Nurse researchers are scientists who conduct research on various aspects of healthcare, illness, and health at the nursing level. Their scientific studies are published in nursing publications and medical journals.

This is a very essential nursing specialty as the results of these studies are used to improve the healthcare services and outcomes for all patients.

How much do Nurse Researchers make?

A nurse researcher makes $95,000 per year.

What are the requirements to become a Nurse Researcher?

To become a Nurse Researcher, you need to have a doctoral degree (Ph.D.).

14. Nurse Administrator

A nurse administrator combines years of experience in health care and business skills to supervise and manage the nursing staff. They are part of the executive team and oversee entire nursing teams and units, help develop policies, and coordinate nursing with other departments.

They may also be charged with hiring and training staff as well as handling financial matters such as the budget.

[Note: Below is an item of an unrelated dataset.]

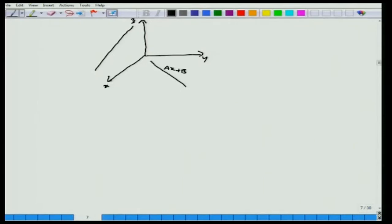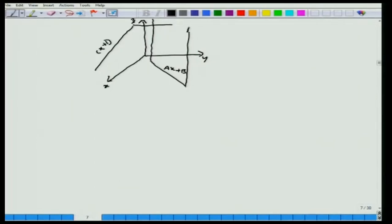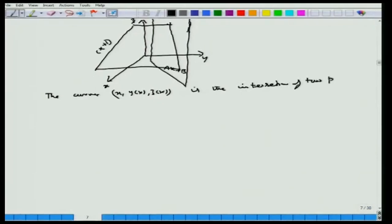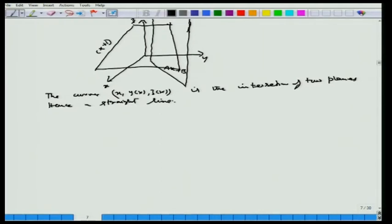So y = ax + b is a straight line in the xy-plane (with z free, forming a vertical plane), and z = cx + d is a straight line in the xz-plane. The curve (x, y(x), z(x)) is the intersection of two planes, hence a straight line in three-dimensional space.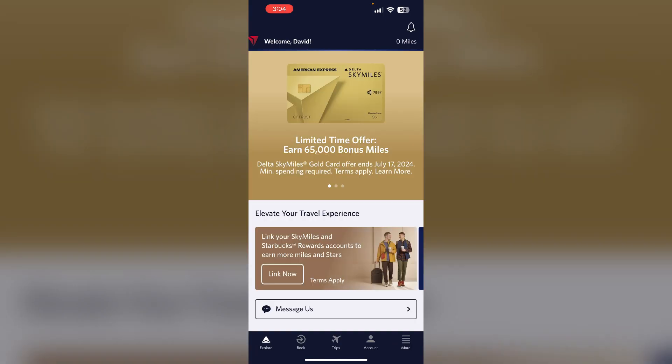Step 1: Check seat selection rules. Basic economy tickets do not allow seat selection. If you have a basic economy ticket, you will be assigned a seat randomly after check-in. Main cabin tickets allow seat selection, but you may need to wait until the seat map is available, which can take a few hours after booking.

They may also provide patient care if the need arises.

The operation of the nursing team or unit depends on the nursing administrators to run effectively.

How much do Nurse Administrators make?

The average salary for nursing administrators is about $95,329 per year, or about $46 per hour.

What are the requirements to become a Nurse Administrator?

To become a nurse administrator, you need to have a Master’s Degree in Healthcare and a registered nurse license.

15. Gerontological Nurse Practitioner

Gerontology nursing is a field in nursing which involves caring for the elderly. On a typical day, a gerontological nurse practitioner is tasked with assessing the cognitive abilities of the patient, evaluating their acute or chronic conditions, and educating them on how to prevent falls and injuries among other tasks.

They also groom the patients and give them advice on how to manage their problems.

There are very many job opportunities for geriatric nurses because they can work in any place as long as there are elderly people present. Apart from the traditional healthcare facilities such as hospitals, outpatient centers and, community clinics, gerontological nurse practitioners can also work in:

  • Nursing homes,
  • Retirement communities,
  • Hospices,
  • Assisted living facilities,
  • Rehabilitation centers,
  • Patient’s homes.

They can even open their own practice if they want to be independent.

How much do Gerontological Nurse Practitioners make?

On average, Gerontological Nurse Practitioners make $97,031 per year or $47 per hour.

What are the requirements to become a Gerontological Nurse Practitioner?

To become a gerontological nurse practitioner, you need to successfully take the gerontological nursing certification exam hosted by the American Nurses Credentialing Center. To qualify for this exam, you need to have a registered nurse license, and at least two years of full-time experience.

Final Thoughts

You may be tempted to make your selection based on salary alone. DON’T!  You should consider what you are interested in, what you are really passionate about, and what general role you will play in the healthcare landscape. It would be a shame if a large paycheck stuck you to a job you hate.